TÜRKİYE CUMHURİYETİ
ANAYASA MAHKEMESİ
İKİNCİ BÖLÜM
KARAR
KADİR ÇITAK BAŞVURUSU
(Başvuru Numarası: 2021/23590)
Karar Tarihi: 20/11/2024
Başkan
:
Basri BAĞCI
Üyeler
Engin YILDIRIM
Rıdvan GÜLEÇ
Kenan YAŞAR
Ömer ÇINAR
Raportörler
Zehra GAYRETLİ
Hüseyin Özgür SEVİMLİ
Başvurucu
Kadir ÇITAK
Vekili
Av. Bülent DİKEN
I. BAŞVURUNUN ÖZETİ
1. Başvuru, ceza davasında karar sonucunu değiştirebilecek nitelikteki esaslı iddiaların karşılanmaması nedeniyle gerekçeli karar hakkının ihlal edildiği iddiasına ilişkindir.
2. 1983 doğumlu olan başvurucu, bireysel başvuruya konu olayın geçtiği tarihte Şanlıurfa'nın Siverek ilçesindeki bir ilkokulda öğretmen ve müdür vekili olarak görev yapmaktadır. Aynı okulda görev yapan bazı öğretmenler, başvurucunun 7/3/2016 ile 29/3/2016 tarihleri arasında okula gelmediği hâlde resmî evrak niteliğindeki ek ders ücretine ilişkin ders ve kurs defterlerini anılan tarih aralığında ders vermiş gibi doldurarak ek ders ücreti aldığı yönünde idari birime şikâyette bulunmuştur. Şikâyet üzerine olayla ilgili idari tahkikat süreci başlatılarak muhakkik görevlendirilmiştir. Gerekli yasal sürecin tamamlanması ve soruşturma izni verilmesi üzerine Siverek Cumhuriyet Başsavcılığı (Başsavcılık) başvurucu hakkında kamu görevlisinin resmî belgede sahtecilik, kamu kurum ve kuruluşlarının zararına dolandırıcılık suçlarından soruşturma başlatmıştır.

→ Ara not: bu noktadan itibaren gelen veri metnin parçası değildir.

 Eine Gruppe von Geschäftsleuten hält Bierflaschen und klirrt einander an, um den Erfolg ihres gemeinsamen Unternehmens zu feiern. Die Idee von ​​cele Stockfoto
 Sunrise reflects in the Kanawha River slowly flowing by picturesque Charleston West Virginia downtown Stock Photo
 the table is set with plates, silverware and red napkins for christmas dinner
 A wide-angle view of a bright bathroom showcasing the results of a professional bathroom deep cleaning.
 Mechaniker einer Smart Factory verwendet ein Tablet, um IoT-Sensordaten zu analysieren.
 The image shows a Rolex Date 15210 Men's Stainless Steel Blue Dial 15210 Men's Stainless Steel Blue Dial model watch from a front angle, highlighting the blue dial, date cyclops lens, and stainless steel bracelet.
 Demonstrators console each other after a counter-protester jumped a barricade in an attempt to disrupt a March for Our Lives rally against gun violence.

3. Başvurucu; soruşturma kapsamında alınan ifadelerinde bahsi geçen defterleri sehven doldurduğunu, durumu fark edince doldurduğu yerlerin üzerini tek çizgi ile çizmek suretiyle düzelttiğini ve kurum zararını ödediğini ileri sürmüştür. Soruşturma kapsamında beyanına başvurulan tanık H.A. başvurucunun 7/3/2016 tarihinde babalık izni kullanarak yaklaşık üç hafta kadar okula gelmediğini, görevine fiilen başladığı 29/3/2016 tarihinde ders defterlerinin kendisine ilişkin kısmını doldurduğunu ancak izinli olduğu günlere ait kısımları da doldurduğunu fark etmesi üzerine buralara tek çizgi çekerek düzelttiğini ifade etmiştir. Tanık H.A. beyanının devamında başvurucunun defterleri sehven doldurduğunun anlaşılması üzerine aynı gün tutanak tuttuklarını, bu tutanağı başvurucu ve öğretmen M.T.nin de imzaladığını, başvurucunun izinde olduğu günleri dikkate alarak bu günlere ilişkin ödemenin nisan ayı ek ders ödemelerinden kesileceğini bu tutanakta açıkça belirttiklerini ifade etmiştir.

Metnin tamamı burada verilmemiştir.